The goodbyes can be far more painful for other emigres. Shuji Nakamura says he was practically forced into leaving by the country’s inflexible business culture. As a boy in southern Japan he dreamed of becoming a robotics engineer, inspired by the popular cartoon series “Astro Boy.” When he grew up, he went to work as an inventor for the Nichia Corporation in 1979. Two decades later he helped develop the “blue light” laser, a valuable component in DVDs and other electronic gear. Nichia leased the new technology to Pioneer. As a reward for his years of service, Nakamura got $100 for each of the 500 patents he earned in the 1990s. “I got no promotion,” he told NEWSWEEK. “The company ignored me. Japanese companies are very similar to communist society.” Last year he quit and took a job as a researcher at the University of California, Santa Barbara. “In America, I can be recognized for my work.”
He wasn’t supposed to emigrate. Four years earlier the Diet passed the Basic Law for Science and Technology, allocating more than $150 billion to develop new research facilities and raise university science budgets across Japan. The idea was to stop the brain drain, among other things. It hasn’t worked yet. “It’s not just money, it’s atmosphere,” says Prof. Heisuke Hironaka, 70, president of Yamaguchi University.
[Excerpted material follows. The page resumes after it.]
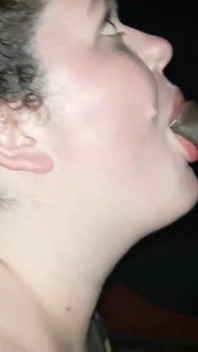 Youngenglishbbw - succhiando un bbc Nata4sex all'aperto mi sbatte il culo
He spent more than 30 years working and teaching at Harvard. “I would encourage my best students to go abroad,” he says. “In our universities, people want to be all equal. That means you cannot excel. Maybe that’s good for stability. But its not good for creativity.”
Japanese artist Mariko Mori agrees enthusiastically. She fell in love with New York as soon as she arrived in 1992. “I could exist as an individual,” she says. “In Japan, if you do something different, you will damage the social harmony. You are not allowed to be yourself.”
No expatriate’s departure has caused such a stir as that of Orix Blue Waves outfielder Ichiro Suzuki, probably the best baseball player in Japan. Early this year he defected to the Seattle Mariners. He remains so popular in Japan that the Japanese broadcaster NHK paid to equip Seattle’s Safeco Field for HDTV (high-definition television) transmission, so fans back home could still watch him play. He embodies their own fantasies of fleeing to freedom.
At the same time his move to Seattle was traumatic. Some people imagined it might be only a fluke when Hideo Nomo first left Japan to pitch for the Los Angeles Dodgers in 1995. They didn’t guess it was the start of a stampede. That was before Hideki Irabu joined the Yankees (and later the Montreal Expos) and Tsuyoshi Shinjo signed on with the New York Mets.
Losing Japan’s finest player was the last straw. “Japanese professional baseball has already become the minor league of American baseball,” says Japan sports journalist Masaru Ogawa. “Major League Baseball offers Japanese players an opportunity to test their abilities in a truly great environment–from bigger, cooler locker rooms and better ballparks to wonderful training staffs and money.” Suzuki’s three-year contract is worth $15 million. But Shinjo actually took a pay cut to be in New York. It’s not just the money, it’s the chance to play with the best competitors in the world.
In effect, Japan will need another social revolution to recapture its creative edge. It won’t be easy. Millions of Japanese have grown very comfortable in their orderly, predictable little world. But it’s no place for the kind of people who made the country great: the risk takers and rule breakers. Until their exodus ends, Japan’s culture will slide downward along with its economy.